The result was startling: millions of America’s kids were lifted from poverty, making not only their current lives better but their futures—and the future of our nation—brighter. Black and Latino children benefited most because they were disproportionately excluded from the stingier version of the program. That greater inclusion from the improved CTC thereby helped shrink the nation’s troubling racial income gap.
Then, just as suddenly as this indisputable boon to childhood well-being had been created, it disappeared at the end of 2021 in the face of Republican opposition.
In the current lame-duck session of Congress, child advocates and Democrats are trying to restore at least some portion of the enhanced Child Tax Credit. But the price is a deal with corporate lobbyists and pro-corporate members who want to restore three recently expired or about-to-expire tax breaks.
These breaks—which allow corporations to inflate their reported costs and thereby cut their taxes—were components of an earlier deal struck in 2017 when Republicans were trying to figure out how to pay for their massive 40% cut in the corporate tax rate. It was the centerpiece of the Trump tax overhaul. Republicans were just as happy not to pay for any of it, but special budget rules limited how much in tax cuts—which mostly benefited the rich and corporations—could be added to the national debt.
The solution was to make three other corporate tax giveaways temporary and therefore less costly over the decade that spending and tax plans are measured. Now time is up on the breaks, and corporations and their Congressional backers want to go back on the deal. They’re likely to ask for only short-term extensions, yet the ultimate goal is to make the three giveaways permanent—at a 10-year cost of around $600 billion.
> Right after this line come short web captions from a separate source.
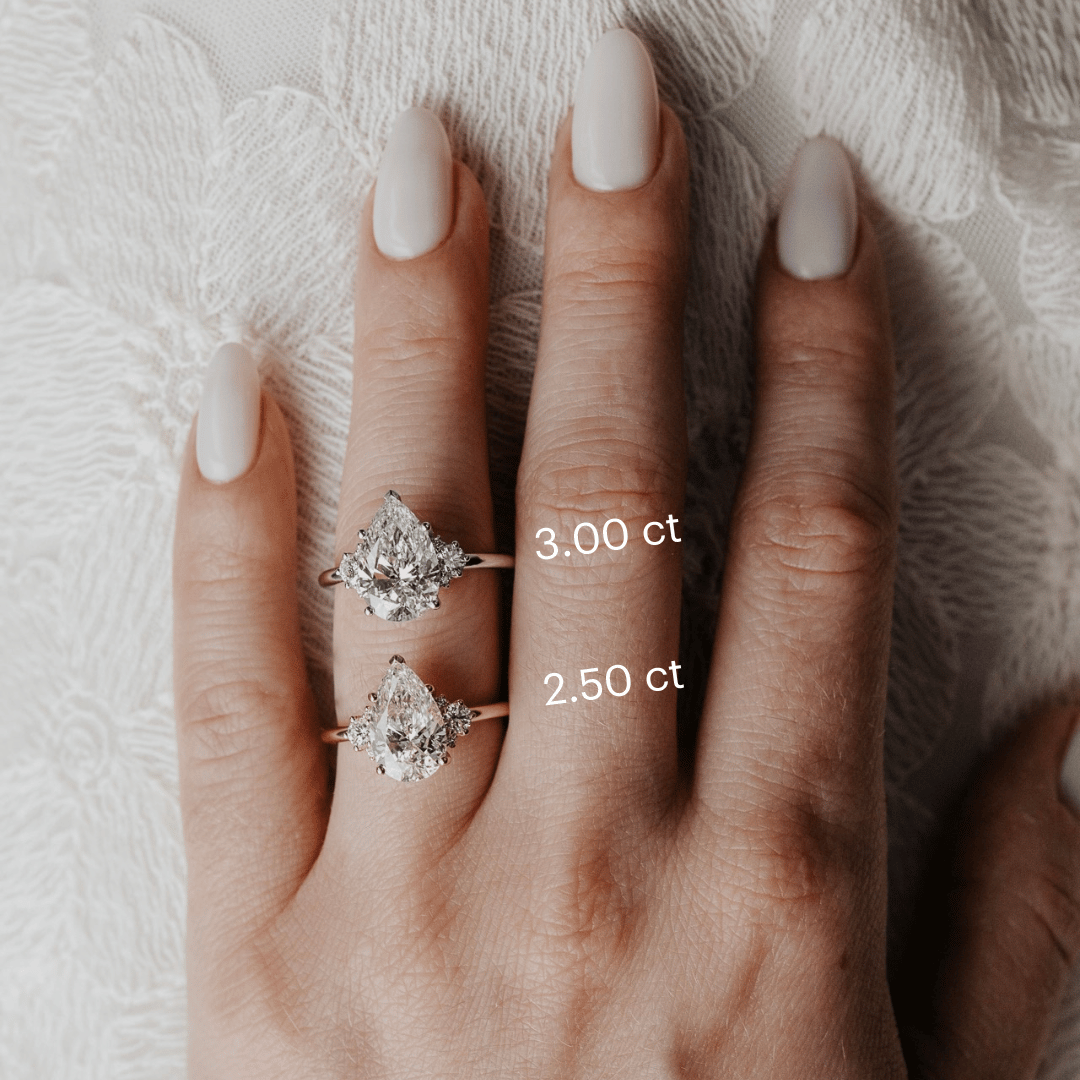 Marquise Shaped Three Stone Lab Grown Diamond Engagement Ring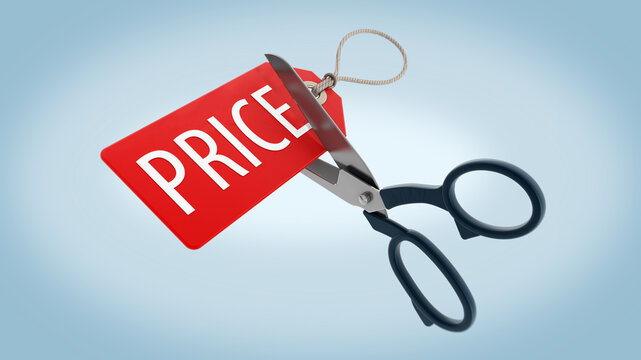 Scissors cutting price tag isolated on blue background. 3D illustration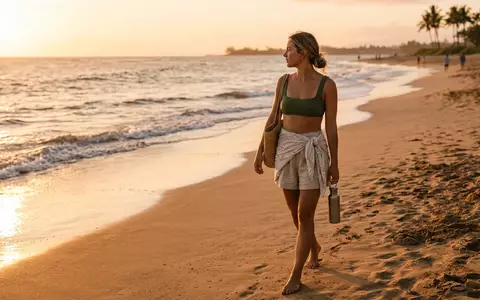 Fotorealistische Aufnahme von Bikinitop am Abendstrand zum Thema Lacoste Damen Bikini-Top Crocodile, warmes Abendlicht - Foto: THN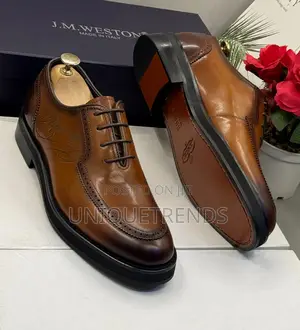 Executive J.M. Weston Thick Sole Leather Shoes (Brown)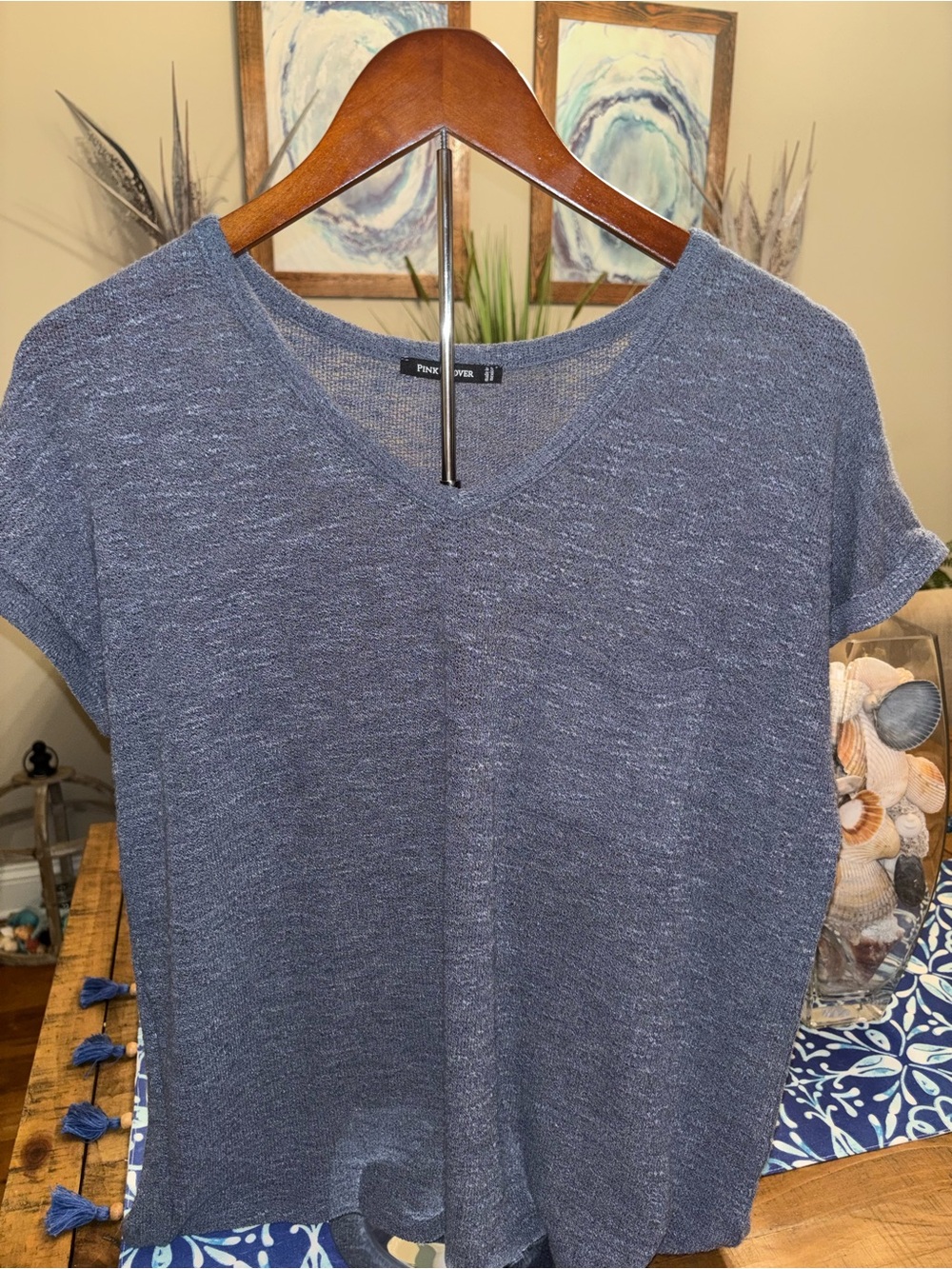 Pink Clover Heathered Slate V-Neck Short Sleeve Tee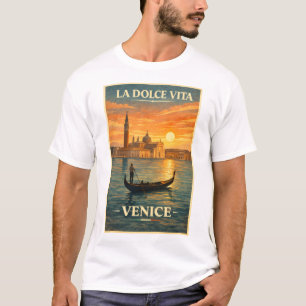 La Dolce Vita - Venice Vintage Travel Poster T-Shirt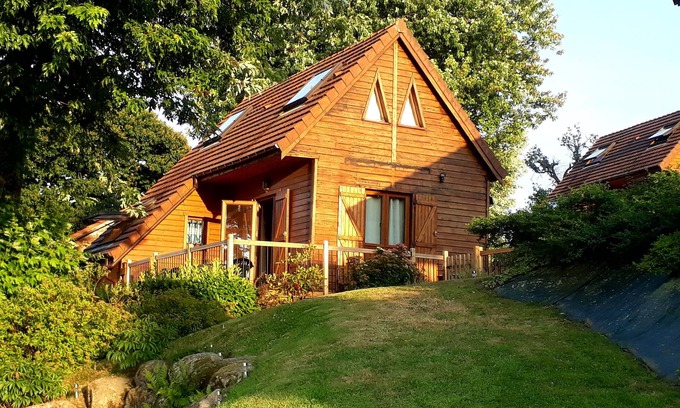 Saint-Germain-de-Tallevende-la-Lande-Vaumont Ski Chalet | Overlooking the Lake & Golf Course, heated Swimming Pool (May to Sept),Play area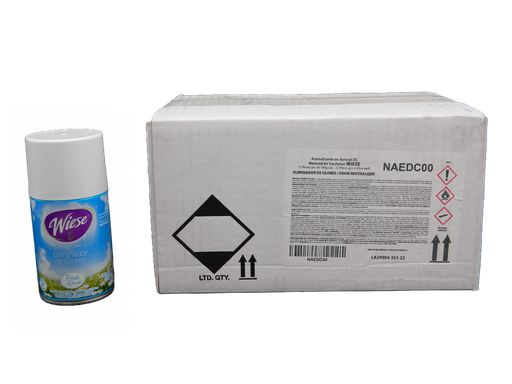 [001518] Repuesto Aromatizante Aerosol 180 grs Eliminador de Olores C/ 12 pzs Wiese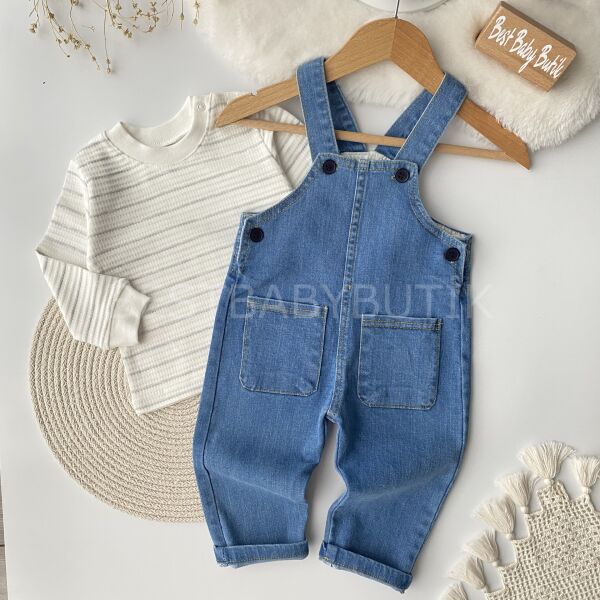 Cep Detaylı Badili Kot Salopet Takımı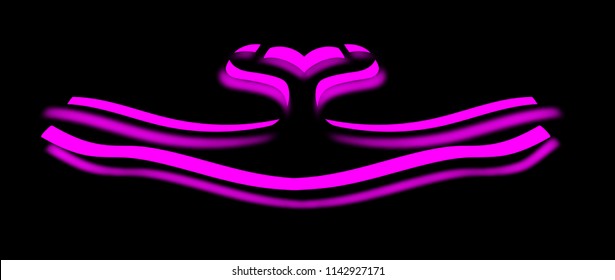 Beautiful creative vector pink dress with a beautiful neckline on the chest and a beautiful waist on a black background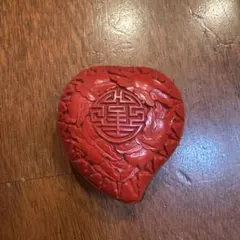 【最終値下げ】堆朱　中国伝統工芸　茶道具　香合　小物入れ　寿 — image 1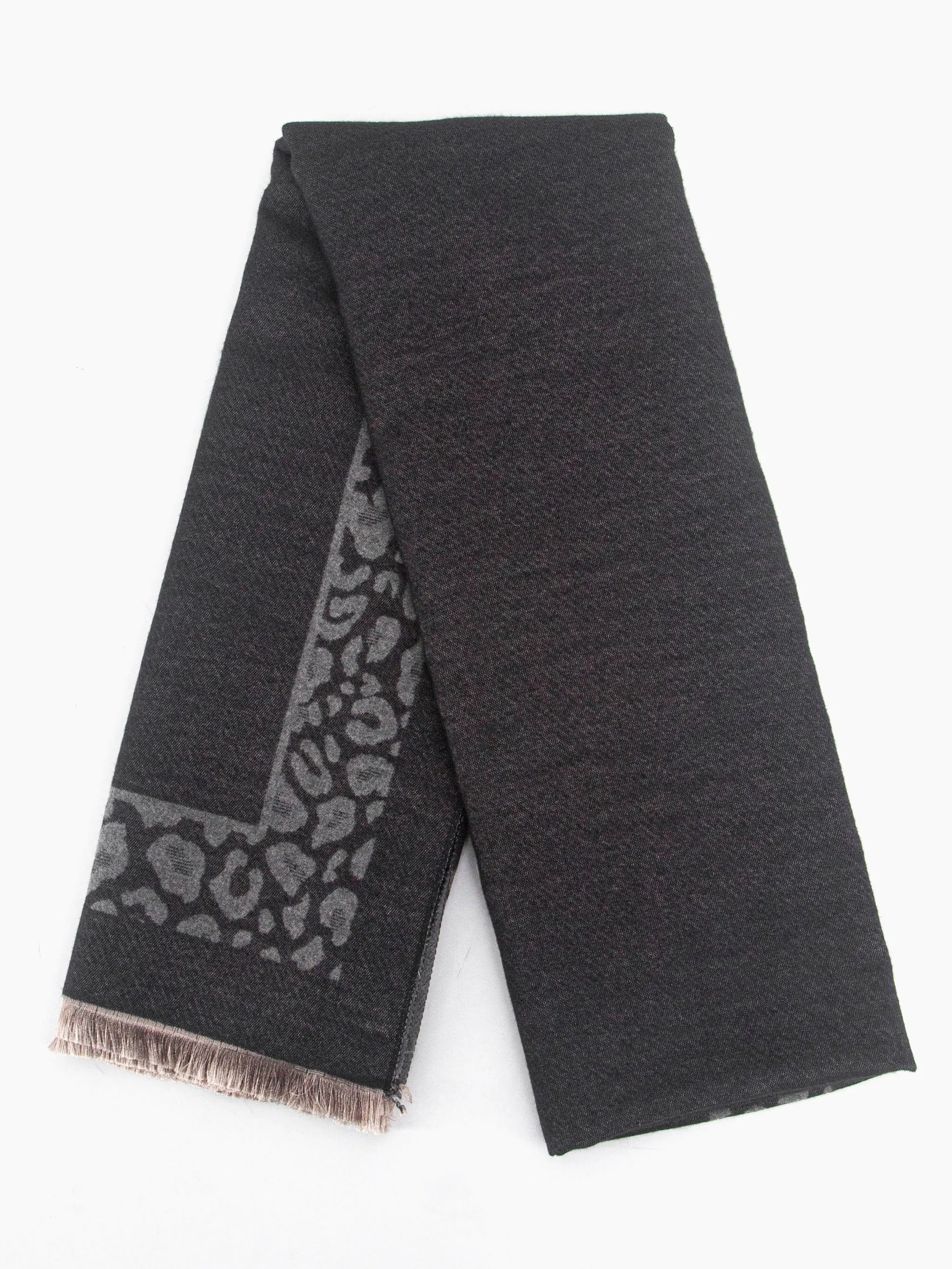 Aga Heavyweight Scarf - Black/Grey, Leopard Border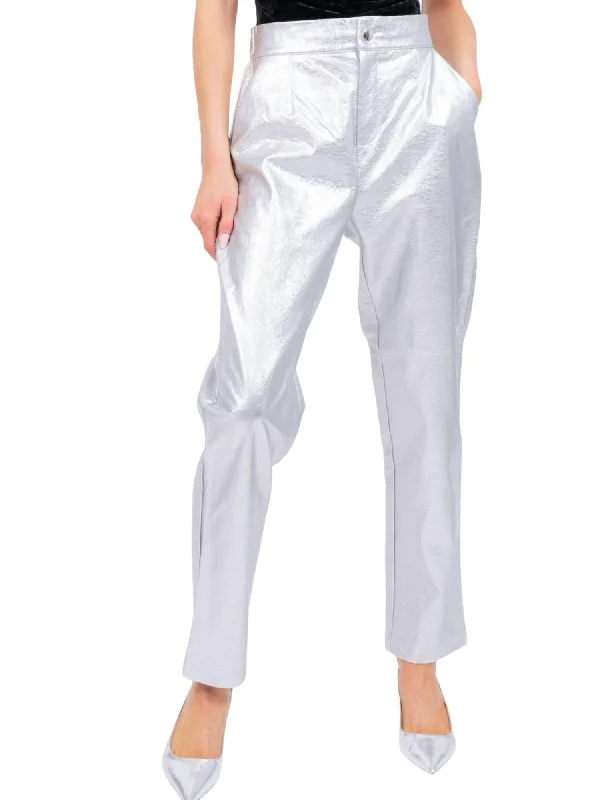 women's designer pantsPhoebe Metallic Pants In Silver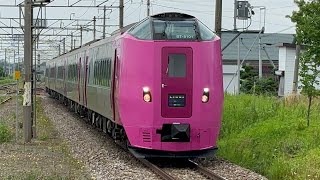 夏の江部乙駅を通過する8列車( 789系特急カムイ6号〜ハマナス編成特急宗谷まで)［@JR北海道函館本線］ #789系 #キハ261系 #キハ283系 #737系 #JR北海道 #函館本線 #通過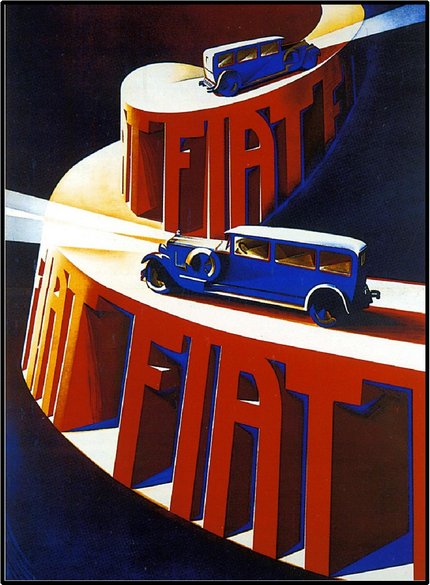 Affiche ancienne publicité Fiat, Automobile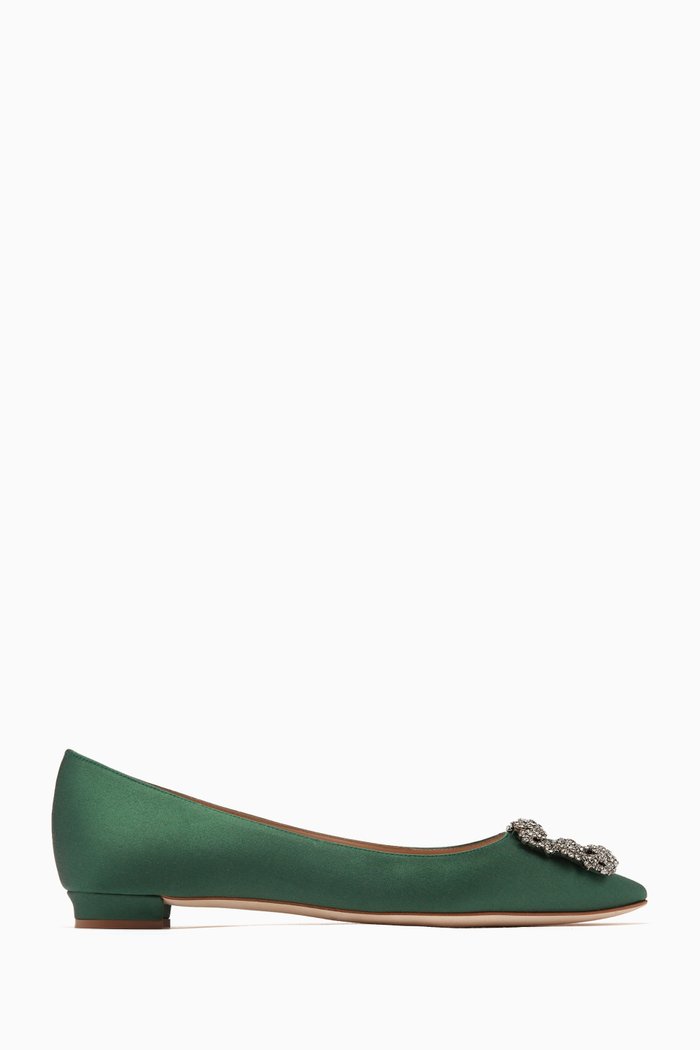 

Hangisimu Flats in Satin, Green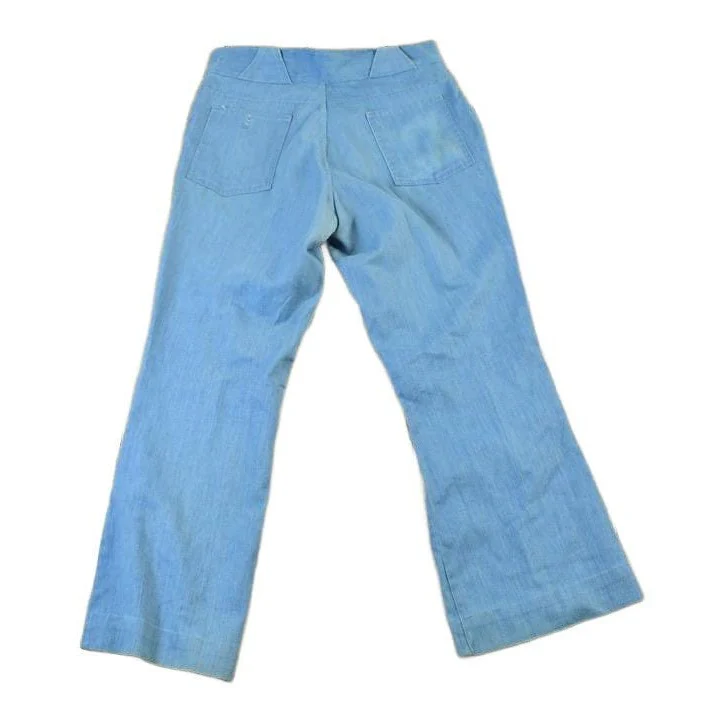 Vintage 1960s Blue Bell Bottom Pants Men's 36 x 29 - Image 2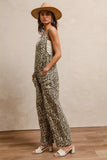 BiBi Leopard Print Adjustable Strap U Neck Jumpsuit - Trendsi - Flyclothing LLC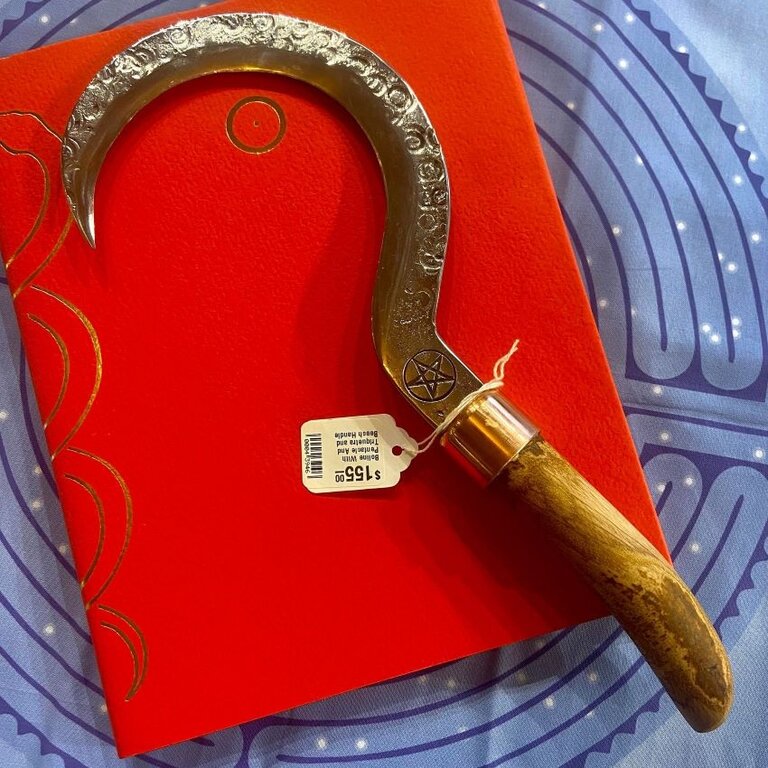 Luna Ignis Boline With Pentacle And Triquetra and Beech Handle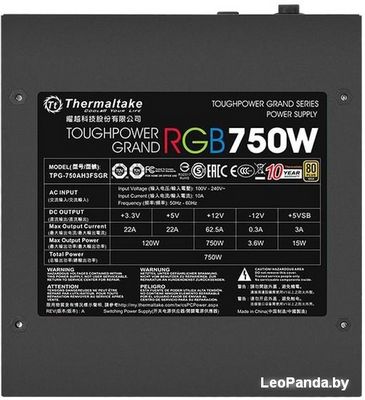 Блок питания Thermaltake Toughpower Grand RGB 750W Gold RGB Sync TPG-750AH3FSGR - фото5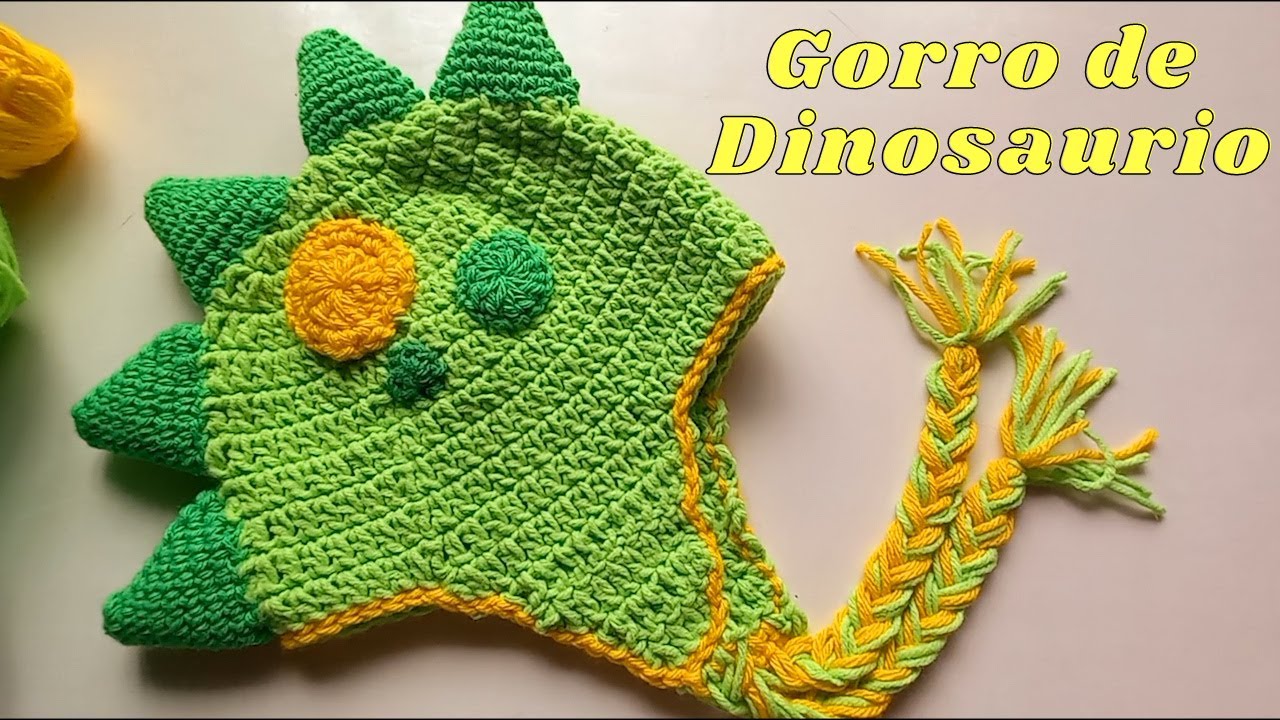 Gorro de DINOSAURIO crochet principiantes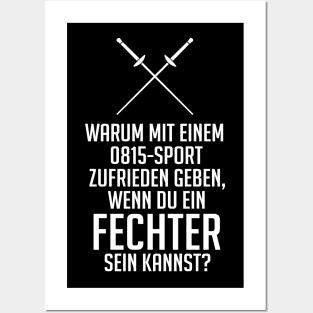 0815 sport fechten (white) Posters and Art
Democrats want to make an at least partially restored Child Tax Credit the price of extending one of the corporate tax breaks—a tax deduction for research and development. Any strategy that gets more food on the table (and maybe some holiday gifts?) for America’s neediest children is worth pursuing. But it’s also worth pondering.
Why should our ability as a nation to take decent care of all our kids depend on giving more tax cuts to corporations already rolling in profits—in part from exploiting inflation to price gouge consumers—and already paying near-record-low taxes? Instead of ceding more money and power to America’s stampeding corporations, we should be reigning them in with a concerted program of fairer taxes, a program begun last summer with the corporate tax reforms in the Inflation Reduction Act. That would be another important way of providing for our kids.
Bottom line: Congress should be raising corporate taxes, not cutting them—as explained in this Americans for Tax Fairness fact sheet—and using the money to greatly expand the benefits of the Child Tax Credit.